**GIVEN INFORMATION:**
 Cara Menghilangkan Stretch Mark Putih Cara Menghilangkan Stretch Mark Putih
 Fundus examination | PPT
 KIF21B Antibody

* * *

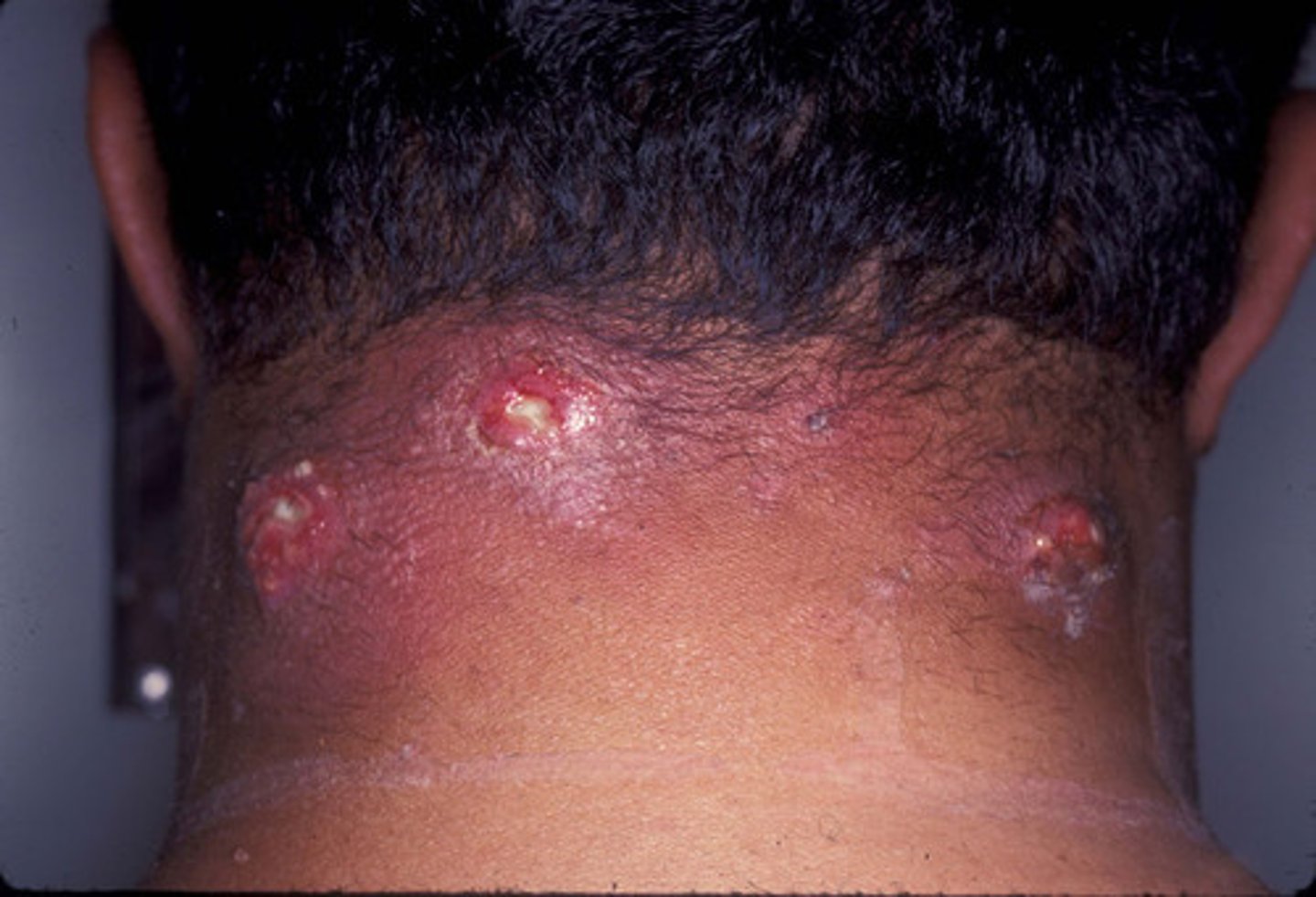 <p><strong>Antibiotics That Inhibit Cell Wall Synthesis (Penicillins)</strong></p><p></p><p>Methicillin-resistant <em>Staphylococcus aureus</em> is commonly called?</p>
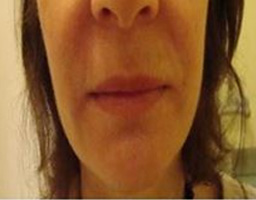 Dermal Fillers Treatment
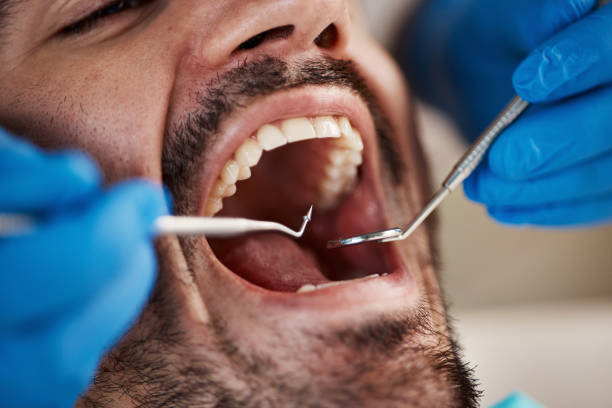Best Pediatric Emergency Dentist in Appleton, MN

**TASK TO COMPLETE:** Exactly the lines above, from the one containing "Dermal Fillers Treatment" down to the one containing "Best Pediatric Emergency", are to be repeated, including both ends. Pictures are not part of the copy.

**SOLUTION:**
 Dermal Fillers Treatment
Best Pediatric Emergency Dentist in Appleton, MN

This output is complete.